**EXERCISE DIRECTIONS**
Find the line with "Jeu SEGA Classics" in the entries below, then reproduce it and every line after it down to and including the line with "MAN TGL 12.250 4x2 Autotransporter", exactly.

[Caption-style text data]

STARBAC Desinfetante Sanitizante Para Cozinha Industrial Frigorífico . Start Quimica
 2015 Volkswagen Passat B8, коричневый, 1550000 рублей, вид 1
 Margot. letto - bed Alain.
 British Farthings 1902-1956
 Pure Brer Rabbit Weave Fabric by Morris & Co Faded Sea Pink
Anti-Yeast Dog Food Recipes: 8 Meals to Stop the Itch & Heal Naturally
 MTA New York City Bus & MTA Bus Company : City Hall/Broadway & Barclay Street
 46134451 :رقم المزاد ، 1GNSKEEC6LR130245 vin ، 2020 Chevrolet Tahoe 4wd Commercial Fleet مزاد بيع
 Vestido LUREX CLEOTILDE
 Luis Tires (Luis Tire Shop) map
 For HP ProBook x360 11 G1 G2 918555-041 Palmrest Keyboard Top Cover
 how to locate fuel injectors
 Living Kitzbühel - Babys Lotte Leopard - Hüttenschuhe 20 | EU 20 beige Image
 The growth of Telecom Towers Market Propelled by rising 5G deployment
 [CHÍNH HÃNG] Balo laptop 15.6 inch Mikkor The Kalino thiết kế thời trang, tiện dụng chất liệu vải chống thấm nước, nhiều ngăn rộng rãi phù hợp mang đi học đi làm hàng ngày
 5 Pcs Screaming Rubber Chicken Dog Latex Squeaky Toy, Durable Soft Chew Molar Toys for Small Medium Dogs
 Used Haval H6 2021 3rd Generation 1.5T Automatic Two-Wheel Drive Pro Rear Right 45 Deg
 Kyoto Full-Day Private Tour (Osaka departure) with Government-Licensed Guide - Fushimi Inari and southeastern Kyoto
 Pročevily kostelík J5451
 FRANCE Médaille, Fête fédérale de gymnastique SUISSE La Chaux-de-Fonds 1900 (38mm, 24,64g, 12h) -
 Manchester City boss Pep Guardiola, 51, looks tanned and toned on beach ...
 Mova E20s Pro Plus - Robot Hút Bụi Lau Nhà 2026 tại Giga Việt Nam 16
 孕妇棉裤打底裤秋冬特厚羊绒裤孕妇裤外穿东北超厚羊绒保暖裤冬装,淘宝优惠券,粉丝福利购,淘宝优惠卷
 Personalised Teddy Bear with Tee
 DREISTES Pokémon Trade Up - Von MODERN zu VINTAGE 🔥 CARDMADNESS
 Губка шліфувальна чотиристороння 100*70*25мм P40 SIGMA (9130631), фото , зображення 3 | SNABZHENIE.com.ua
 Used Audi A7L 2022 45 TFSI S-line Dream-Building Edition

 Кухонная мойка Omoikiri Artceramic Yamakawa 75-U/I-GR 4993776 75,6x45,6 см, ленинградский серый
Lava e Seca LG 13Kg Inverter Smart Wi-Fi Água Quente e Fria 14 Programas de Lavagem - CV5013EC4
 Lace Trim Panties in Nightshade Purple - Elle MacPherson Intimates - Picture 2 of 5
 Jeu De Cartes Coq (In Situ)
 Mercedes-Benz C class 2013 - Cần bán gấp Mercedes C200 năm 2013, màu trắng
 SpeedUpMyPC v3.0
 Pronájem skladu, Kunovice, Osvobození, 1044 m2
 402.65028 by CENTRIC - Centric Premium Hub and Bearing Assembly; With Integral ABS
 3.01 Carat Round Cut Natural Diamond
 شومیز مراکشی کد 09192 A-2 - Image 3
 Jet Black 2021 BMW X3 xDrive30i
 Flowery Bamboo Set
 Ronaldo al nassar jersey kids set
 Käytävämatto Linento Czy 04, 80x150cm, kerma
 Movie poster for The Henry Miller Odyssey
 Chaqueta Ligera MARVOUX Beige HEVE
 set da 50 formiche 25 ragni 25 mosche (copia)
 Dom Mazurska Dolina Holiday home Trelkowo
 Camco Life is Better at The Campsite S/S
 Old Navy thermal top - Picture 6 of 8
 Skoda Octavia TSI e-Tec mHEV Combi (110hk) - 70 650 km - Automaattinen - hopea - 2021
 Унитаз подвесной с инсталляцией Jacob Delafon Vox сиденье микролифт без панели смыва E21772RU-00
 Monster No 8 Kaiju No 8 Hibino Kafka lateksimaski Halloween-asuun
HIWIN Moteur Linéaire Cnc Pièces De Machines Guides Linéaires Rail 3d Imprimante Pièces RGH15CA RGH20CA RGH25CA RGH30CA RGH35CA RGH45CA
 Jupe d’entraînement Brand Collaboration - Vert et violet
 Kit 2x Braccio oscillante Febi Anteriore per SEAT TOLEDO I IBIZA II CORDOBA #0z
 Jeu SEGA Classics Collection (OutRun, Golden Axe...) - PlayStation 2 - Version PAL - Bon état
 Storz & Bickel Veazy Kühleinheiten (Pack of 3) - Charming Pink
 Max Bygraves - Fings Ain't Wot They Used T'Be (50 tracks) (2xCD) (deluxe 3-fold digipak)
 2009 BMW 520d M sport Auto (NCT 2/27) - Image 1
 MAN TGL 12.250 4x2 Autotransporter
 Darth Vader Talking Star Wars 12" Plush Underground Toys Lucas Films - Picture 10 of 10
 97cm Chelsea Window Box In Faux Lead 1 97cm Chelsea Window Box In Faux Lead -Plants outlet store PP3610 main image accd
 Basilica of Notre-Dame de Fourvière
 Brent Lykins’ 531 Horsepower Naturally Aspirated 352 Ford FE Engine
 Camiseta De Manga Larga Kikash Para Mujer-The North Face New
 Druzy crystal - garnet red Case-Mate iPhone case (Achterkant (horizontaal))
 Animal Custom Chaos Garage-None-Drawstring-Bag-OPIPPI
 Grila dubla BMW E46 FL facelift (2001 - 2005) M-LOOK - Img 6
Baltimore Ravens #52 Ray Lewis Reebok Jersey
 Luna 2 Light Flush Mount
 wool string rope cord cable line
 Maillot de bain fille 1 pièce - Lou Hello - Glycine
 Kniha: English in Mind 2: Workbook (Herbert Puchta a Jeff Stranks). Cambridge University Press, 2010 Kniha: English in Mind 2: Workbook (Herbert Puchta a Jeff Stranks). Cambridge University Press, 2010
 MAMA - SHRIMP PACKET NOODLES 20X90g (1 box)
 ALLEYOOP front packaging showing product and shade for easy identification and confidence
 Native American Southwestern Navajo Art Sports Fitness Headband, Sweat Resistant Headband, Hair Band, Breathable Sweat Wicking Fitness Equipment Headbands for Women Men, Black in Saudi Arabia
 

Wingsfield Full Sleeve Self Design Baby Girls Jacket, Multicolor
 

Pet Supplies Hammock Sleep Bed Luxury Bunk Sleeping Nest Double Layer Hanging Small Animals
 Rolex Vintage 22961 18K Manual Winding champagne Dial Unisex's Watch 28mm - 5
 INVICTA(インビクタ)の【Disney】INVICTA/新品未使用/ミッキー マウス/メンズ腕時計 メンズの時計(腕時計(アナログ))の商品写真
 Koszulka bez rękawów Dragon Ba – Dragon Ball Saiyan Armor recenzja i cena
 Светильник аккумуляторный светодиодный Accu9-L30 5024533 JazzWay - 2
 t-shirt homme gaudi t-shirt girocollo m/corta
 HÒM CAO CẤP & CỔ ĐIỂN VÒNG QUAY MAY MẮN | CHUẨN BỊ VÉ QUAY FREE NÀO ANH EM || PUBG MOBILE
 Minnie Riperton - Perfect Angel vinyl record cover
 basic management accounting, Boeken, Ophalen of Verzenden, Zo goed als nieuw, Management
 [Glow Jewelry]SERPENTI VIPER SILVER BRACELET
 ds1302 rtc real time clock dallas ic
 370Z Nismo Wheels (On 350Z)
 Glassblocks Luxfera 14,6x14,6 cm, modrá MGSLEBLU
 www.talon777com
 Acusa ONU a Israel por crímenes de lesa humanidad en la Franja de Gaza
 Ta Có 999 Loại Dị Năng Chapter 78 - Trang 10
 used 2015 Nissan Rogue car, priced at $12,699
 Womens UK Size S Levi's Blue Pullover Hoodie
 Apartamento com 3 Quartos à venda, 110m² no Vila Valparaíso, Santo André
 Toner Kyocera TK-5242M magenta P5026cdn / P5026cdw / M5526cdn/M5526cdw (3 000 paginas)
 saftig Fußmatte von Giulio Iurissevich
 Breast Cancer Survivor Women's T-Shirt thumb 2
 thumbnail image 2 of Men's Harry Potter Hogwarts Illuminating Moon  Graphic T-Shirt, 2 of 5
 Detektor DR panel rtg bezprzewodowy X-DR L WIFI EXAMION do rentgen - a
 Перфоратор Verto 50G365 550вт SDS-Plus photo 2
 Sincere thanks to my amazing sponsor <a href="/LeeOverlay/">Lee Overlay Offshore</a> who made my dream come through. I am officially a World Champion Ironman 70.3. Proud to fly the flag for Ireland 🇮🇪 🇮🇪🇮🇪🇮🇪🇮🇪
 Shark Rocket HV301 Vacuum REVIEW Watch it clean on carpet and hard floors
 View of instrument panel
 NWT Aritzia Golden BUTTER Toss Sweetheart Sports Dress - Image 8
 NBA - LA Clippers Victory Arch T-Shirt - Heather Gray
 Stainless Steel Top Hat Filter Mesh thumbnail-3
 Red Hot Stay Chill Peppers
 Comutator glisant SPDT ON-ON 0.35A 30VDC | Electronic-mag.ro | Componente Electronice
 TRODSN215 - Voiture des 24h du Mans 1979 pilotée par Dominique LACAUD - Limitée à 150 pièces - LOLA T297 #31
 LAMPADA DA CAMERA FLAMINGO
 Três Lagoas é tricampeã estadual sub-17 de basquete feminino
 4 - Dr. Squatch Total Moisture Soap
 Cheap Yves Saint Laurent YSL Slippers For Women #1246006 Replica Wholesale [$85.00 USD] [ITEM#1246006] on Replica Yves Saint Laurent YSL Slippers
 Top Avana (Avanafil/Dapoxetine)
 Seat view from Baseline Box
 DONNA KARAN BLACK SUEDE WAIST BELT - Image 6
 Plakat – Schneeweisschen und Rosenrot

**SOLVED EXERCISE**
 Jeu SEGA Classics Collection (OutRun, Golden Axe...) - PlayStation 2 - Version PAL - Bon état
 Storz & Bickel Veazy Kühleinheiten (Pack of 3) - Charming Pink
 Max Bygraves - Fings Ain't Wot They Used T'Be (50 tracks) (2xCD) (deluxe 3-fold digipak)
 2009 BMW 520d M sport Auto (NCT 2/27) - Image 1
 MAN TGL 12.250 4x2 Autotransporter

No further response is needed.